DNA Damage Response and Cell Cycle Regulation in Pluripotent Stem Cells.

Abstract

Pluripotent stem cells (PSCs) hold great promise in cell-based therapy because of their pluripotent property and the ability to proliferate indefinitely. Embryonic stem cells (ESCs) derived from inner cell mass (ICM) possess unique cell cycle control with shortened G1 phase. In addition, ESCs have high expression of homologous recombination (HR)-related proteins, which repair double-strand breaks (DSBs) through HR or the non-homologous end joining (NHEJ) pathway.

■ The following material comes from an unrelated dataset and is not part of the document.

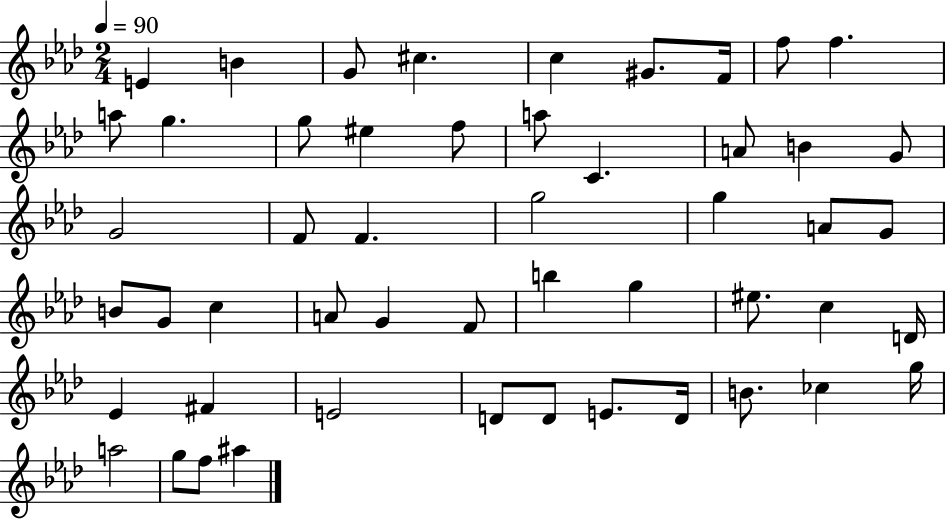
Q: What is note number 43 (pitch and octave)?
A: E4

On the other hand, the generation of induced pluripotent stem cells (iPSCs) by forced expression of transcription factors (Oct4, Sox2, Klf4, c-Myc) is accompanied by oxidative stress and DNA damage. The DNA repair mechanism of DSBs is therefore critical in determining the genomic stability and efficiency of iPSCs generation. Maintaining genomic stability in PSCs plays a pivotal role in the proliferation and pluripotency of PSCs. In terms of therapeutic application, genomic stability is the key to reducing the risks of cancer development due to abnormal cell replication. Over the years, we and other groups have identified important regulators of DNA damage response in PSCs, including FOXM1, SIRT1 and PUMA. They function through transcription regulation of downstream targets (P53, CDK1) that are involved in cell cycle regulations. Here, we review the fundamental links between the PSC-specific HR process and DNA damage response, with a focus on the roles of FOXM1 and SIRT1 on maintaining genomic integrity.